> [Records shown]:

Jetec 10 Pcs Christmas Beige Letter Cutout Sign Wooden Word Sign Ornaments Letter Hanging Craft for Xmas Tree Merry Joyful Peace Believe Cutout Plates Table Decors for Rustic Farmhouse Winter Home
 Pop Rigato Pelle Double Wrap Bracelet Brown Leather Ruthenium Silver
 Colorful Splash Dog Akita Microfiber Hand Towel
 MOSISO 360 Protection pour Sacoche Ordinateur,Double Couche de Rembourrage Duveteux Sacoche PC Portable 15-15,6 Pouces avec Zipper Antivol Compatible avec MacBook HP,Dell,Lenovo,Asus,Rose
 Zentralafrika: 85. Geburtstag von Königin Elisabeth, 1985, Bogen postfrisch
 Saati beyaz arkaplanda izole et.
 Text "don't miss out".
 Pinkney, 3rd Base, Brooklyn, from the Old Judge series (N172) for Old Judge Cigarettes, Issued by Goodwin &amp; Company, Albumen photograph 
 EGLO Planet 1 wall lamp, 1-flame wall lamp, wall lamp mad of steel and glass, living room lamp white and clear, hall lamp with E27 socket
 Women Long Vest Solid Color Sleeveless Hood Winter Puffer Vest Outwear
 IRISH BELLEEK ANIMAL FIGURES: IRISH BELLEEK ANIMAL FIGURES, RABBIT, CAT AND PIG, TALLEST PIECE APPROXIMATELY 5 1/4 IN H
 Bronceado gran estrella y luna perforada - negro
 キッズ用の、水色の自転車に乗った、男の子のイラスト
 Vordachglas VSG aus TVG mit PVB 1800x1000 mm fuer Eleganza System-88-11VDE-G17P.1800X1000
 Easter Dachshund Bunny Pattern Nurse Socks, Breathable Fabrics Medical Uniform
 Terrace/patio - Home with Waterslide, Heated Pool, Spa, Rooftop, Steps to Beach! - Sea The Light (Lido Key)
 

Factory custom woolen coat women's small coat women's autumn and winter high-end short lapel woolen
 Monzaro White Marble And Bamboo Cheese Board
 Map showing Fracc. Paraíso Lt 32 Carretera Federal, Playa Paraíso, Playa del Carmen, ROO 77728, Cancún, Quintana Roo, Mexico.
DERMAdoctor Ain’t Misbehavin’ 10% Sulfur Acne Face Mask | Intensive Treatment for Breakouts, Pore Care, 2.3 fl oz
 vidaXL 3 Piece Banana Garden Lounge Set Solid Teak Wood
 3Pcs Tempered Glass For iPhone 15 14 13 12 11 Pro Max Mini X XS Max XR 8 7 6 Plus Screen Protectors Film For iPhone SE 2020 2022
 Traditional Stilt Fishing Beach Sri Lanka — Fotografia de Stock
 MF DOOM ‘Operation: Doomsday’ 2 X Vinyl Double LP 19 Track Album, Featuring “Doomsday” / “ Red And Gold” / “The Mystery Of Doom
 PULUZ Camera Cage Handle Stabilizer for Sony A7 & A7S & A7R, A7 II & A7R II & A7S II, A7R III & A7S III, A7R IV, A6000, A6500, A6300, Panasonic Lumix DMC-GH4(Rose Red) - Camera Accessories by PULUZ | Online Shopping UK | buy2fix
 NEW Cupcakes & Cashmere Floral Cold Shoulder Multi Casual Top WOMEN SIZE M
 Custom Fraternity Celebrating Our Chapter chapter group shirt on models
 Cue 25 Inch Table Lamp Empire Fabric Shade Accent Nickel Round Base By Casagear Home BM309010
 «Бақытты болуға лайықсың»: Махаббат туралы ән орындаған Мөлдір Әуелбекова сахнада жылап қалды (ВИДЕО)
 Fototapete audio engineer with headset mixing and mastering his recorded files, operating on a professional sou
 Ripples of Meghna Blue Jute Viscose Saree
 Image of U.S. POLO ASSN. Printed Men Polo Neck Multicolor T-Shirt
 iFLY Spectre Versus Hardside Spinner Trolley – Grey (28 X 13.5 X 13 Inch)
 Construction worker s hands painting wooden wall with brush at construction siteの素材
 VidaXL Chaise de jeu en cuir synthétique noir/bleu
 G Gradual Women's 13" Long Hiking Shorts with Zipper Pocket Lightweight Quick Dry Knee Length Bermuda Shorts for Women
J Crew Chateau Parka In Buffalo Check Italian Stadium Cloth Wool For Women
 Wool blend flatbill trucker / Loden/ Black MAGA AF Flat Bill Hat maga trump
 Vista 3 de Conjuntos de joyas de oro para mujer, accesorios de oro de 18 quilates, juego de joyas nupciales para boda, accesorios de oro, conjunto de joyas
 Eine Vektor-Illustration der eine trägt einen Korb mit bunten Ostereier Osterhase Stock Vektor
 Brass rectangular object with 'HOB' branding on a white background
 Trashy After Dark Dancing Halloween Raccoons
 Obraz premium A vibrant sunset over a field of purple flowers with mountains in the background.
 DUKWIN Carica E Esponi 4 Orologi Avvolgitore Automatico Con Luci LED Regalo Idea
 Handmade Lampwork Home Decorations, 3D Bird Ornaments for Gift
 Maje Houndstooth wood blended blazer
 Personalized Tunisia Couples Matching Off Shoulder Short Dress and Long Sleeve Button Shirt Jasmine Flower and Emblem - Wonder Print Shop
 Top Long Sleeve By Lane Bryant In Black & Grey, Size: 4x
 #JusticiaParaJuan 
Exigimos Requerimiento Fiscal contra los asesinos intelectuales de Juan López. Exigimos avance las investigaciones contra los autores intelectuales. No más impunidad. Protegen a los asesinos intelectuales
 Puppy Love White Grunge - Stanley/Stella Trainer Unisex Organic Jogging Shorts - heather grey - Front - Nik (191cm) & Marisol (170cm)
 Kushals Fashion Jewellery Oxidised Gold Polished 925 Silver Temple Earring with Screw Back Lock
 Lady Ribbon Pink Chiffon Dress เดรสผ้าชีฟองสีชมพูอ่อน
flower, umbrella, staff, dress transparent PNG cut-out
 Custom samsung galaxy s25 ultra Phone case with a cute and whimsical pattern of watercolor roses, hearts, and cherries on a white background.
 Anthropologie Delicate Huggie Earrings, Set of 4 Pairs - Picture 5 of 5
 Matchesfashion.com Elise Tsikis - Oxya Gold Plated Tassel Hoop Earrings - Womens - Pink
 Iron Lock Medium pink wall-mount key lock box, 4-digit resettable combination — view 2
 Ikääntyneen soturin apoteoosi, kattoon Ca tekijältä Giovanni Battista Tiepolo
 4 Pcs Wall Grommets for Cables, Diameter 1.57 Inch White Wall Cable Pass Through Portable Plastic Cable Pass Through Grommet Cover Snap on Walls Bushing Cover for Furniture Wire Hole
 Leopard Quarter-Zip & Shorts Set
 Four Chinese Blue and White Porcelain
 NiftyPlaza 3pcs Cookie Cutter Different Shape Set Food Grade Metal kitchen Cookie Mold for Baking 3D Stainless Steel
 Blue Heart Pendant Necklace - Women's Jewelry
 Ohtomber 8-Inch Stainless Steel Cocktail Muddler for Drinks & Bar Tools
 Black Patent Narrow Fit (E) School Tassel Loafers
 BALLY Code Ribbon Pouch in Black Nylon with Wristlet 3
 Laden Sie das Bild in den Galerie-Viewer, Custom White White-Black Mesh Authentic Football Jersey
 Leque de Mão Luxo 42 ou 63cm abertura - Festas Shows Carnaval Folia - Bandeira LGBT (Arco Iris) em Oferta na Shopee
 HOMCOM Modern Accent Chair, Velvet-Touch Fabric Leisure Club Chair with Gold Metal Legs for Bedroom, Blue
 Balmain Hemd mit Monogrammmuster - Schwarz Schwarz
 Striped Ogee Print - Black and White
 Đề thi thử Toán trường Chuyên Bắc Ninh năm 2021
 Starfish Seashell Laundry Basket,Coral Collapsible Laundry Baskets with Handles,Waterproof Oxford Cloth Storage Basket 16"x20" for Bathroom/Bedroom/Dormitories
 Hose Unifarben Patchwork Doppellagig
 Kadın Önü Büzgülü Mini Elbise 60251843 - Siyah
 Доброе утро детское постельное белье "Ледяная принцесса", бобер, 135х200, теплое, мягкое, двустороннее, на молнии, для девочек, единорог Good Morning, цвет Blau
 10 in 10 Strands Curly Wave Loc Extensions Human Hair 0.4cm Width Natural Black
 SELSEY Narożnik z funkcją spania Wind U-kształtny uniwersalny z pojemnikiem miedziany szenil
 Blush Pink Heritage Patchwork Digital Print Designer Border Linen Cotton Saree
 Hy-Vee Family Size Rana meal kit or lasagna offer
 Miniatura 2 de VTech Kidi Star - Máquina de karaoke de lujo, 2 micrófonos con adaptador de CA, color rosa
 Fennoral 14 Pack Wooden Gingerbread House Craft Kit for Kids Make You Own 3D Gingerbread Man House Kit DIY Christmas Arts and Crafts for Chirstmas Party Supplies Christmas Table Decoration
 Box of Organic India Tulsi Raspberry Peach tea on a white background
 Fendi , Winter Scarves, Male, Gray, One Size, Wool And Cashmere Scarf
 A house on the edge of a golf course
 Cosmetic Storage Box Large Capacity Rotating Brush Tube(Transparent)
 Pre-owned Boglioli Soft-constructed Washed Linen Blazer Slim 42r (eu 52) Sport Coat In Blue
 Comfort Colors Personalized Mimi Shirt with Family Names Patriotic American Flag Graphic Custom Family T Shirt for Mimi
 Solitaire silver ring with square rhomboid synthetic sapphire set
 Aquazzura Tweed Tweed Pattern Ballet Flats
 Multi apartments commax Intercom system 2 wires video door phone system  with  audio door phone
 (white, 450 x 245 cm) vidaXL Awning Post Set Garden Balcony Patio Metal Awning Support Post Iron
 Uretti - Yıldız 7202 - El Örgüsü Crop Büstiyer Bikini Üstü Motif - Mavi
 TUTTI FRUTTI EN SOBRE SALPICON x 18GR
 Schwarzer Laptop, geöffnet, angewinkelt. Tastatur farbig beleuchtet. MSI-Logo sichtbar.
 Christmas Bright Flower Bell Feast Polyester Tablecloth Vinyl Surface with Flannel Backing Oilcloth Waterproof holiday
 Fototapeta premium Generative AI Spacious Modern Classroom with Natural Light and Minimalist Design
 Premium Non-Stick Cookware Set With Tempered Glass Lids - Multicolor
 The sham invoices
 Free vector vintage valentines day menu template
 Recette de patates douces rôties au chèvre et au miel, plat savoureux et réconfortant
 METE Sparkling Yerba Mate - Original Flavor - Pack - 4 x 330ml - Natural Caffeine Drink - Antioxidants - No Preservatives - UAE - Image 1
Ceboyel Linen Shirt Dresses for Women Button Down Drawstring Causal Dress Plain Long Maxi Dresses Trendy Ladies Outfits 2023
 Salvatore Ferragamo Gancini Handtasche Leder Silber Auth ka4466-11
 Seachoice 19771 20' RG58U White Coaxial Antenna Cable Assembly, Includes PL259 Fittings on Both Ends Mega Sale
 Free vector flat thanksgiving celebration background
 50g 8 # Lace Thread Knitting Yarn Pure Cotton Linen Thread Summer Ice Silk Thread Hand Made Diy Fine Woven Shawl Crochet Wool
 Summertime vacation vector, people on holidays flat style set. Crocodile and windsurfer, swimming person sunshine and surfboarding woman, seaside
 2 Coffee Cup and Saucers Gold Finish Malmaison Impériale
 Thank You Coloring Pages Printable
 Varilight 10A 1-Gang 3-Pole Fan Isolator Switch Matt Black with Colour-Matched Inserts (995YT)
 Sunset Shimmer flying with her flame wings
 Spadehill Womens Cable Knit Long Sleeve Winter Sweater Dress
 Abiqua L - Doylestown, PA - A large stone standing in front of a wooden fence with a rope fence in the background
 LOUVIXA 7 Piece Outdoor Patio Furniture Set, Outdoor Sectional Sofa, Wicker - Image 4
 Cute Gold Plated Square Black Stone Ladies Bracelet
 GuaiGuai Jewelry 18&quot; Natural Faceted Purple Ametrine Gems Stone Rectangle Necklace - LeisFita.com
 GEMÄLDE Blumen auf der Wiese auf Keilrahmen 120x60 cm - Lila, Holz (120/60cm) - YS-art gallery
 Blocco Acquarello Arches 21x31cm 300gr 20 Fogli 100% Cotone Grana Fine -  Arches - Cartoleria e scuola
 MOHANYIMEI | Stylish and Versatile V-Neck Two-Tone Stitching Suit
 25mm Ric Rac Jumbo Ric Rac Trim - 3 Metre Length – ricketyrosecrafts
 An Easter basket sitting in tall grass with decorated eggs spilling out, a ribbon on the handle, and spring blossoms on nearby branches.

> [What to work on]:
Search the entries for the word "Iron". Copy every line where it occurs.

> [Written response]:
 Iron Lock Medium pink wall-mount key lock box, 4-digit resettable combination — view 2
 (white, 450 x 245 cm) vidaXL Awning Post Set Garden Balcony Patio Metal Awning Support Post Iron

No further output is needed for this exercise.